Background: Microbial communities are abundant in nature and can metabolize myriad of compounds. The composition of the community together with its internal interactions can affect both the rate and the accumulation of interim and end products. Community dynamics can be viewed as dictated by a triangle of environment (secreted/other resources), community (metabolic-conversions repertoire), and function (excretion of altered forms). As advance technologies increased the need for computational analysis tools, metagenomics functional analysis has become of increasing interest. Here, I demonstrate the use of two network based approaches for the functional analysis of genomic & metagenomics data. These span the analysis of a single genome through a genome-scale metabolic model (quantitative) to the analysis of the functional potential of complex communities using metabolic networks approaches integrated with the novel application of ecological concepts (qualitative). The application of the qualitative approach was used to study the intricate associations of the complex rhizosphere and soil communities. Niche-specific metabolic-networks for metagenomics-based gene-catalogues derived from root and respective soil samples were constructed and assigned network-edges (metabolic-functions) with taxonomic annotations. Simulations of activity following removal or addition of enzymes specifically associated with distinct taxonomic groups allowed the prediction of species-specific positioning within the community food-web as well as predict potential metabolic exchanges leading to the co-production of complementary metabolites. The quantitative approach was presented as an Arthrobacer aurescens TC1 genome-scale metabolic model reconstruction as a predictive simulator for atrazine degradation optimization. 

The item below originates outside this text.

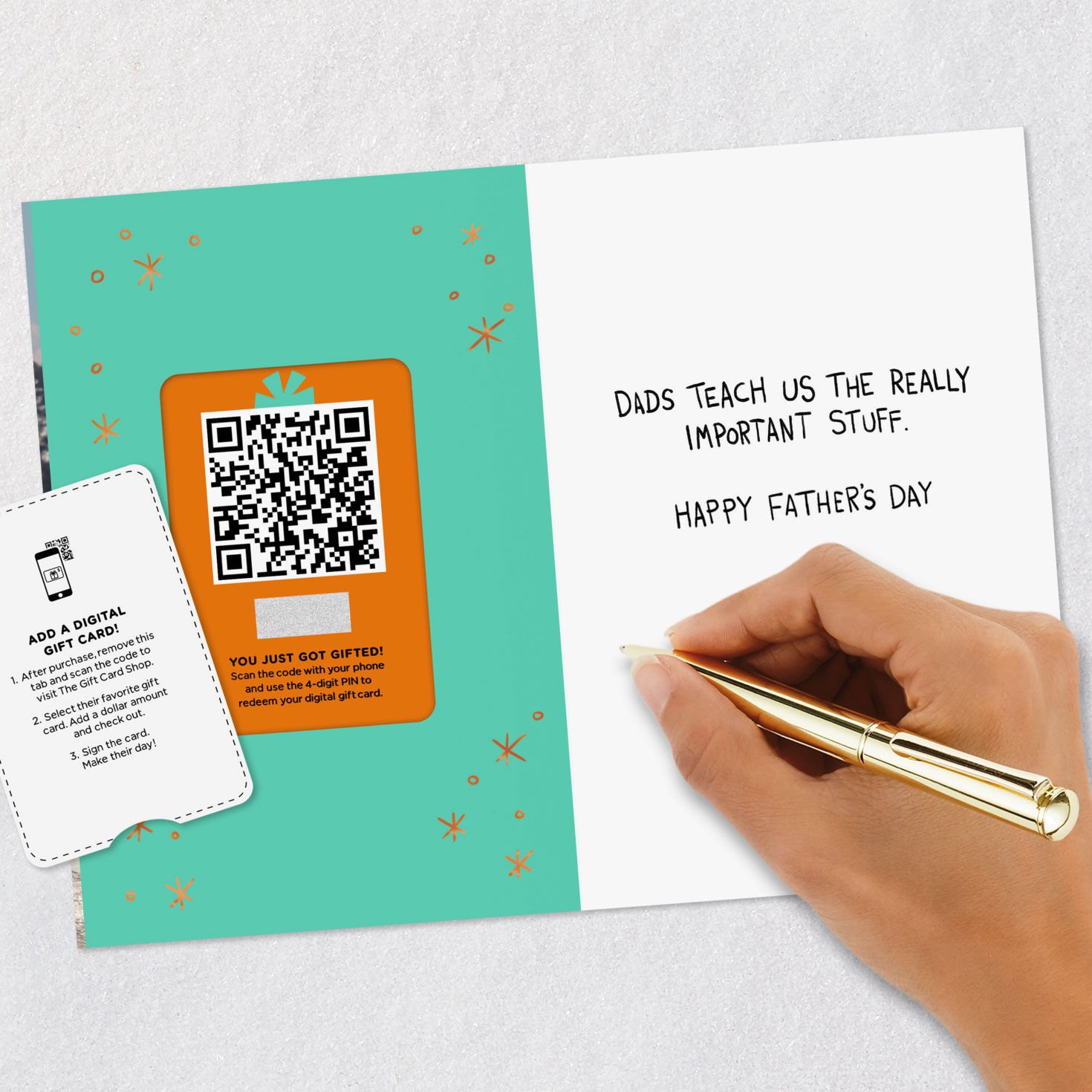 Family in Car Funny Father's Day Gift Card Greeting signing card image number 9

Results: Using the metabolic networks approach, simulations of the removal of dominant key taxonomic groups resulted in group-specific and niche-dependent effects and differs between root and soil. Root-specific effects linked the utilization of specific plant exudates (e.g., flavonoids, organic acids) with specific taxonomic groups, pointing at the impact of each such compound as a determinant of the microbial community structure. Profiles of complementary metabolites suggest possible metabolic role behind observed co-occurrence patterns of bacterial combinations, for example through the production of nutrients that are in high demand in a specific niche. When considering the quantitative   approach, following the construction and curation of a genome scale metabolic model for Arthrobacer aurescens TC1, Constraint Based Simulations lead to prediction of growth yields on several carbon and nitrogen sources, focusing on atrazine and its interim degradation products. Further simulations, designed to test complementation between atrazine and a wide spectrum of metabolites have shown a positive effect on both atrazine degradation and biomass yield for the addition of glucose or riboflavin. Predictions for the effect of several media on growth and degradation rate were tested and validated in vitro.

Conclusions: Considering the volume of data produced in metagenomics studies, the developed approaches contribute to the current efforts for developing new conceptual approaches for the functional analyses of metagenomics. These allow the analysis of a wide spectrum of data complexity, from a single genome to a complex community. These integrated approaches produce testable predictions for process optimization or the initial investigation of species contribution to community function, function significance and structural shifts in complex bacterial communities.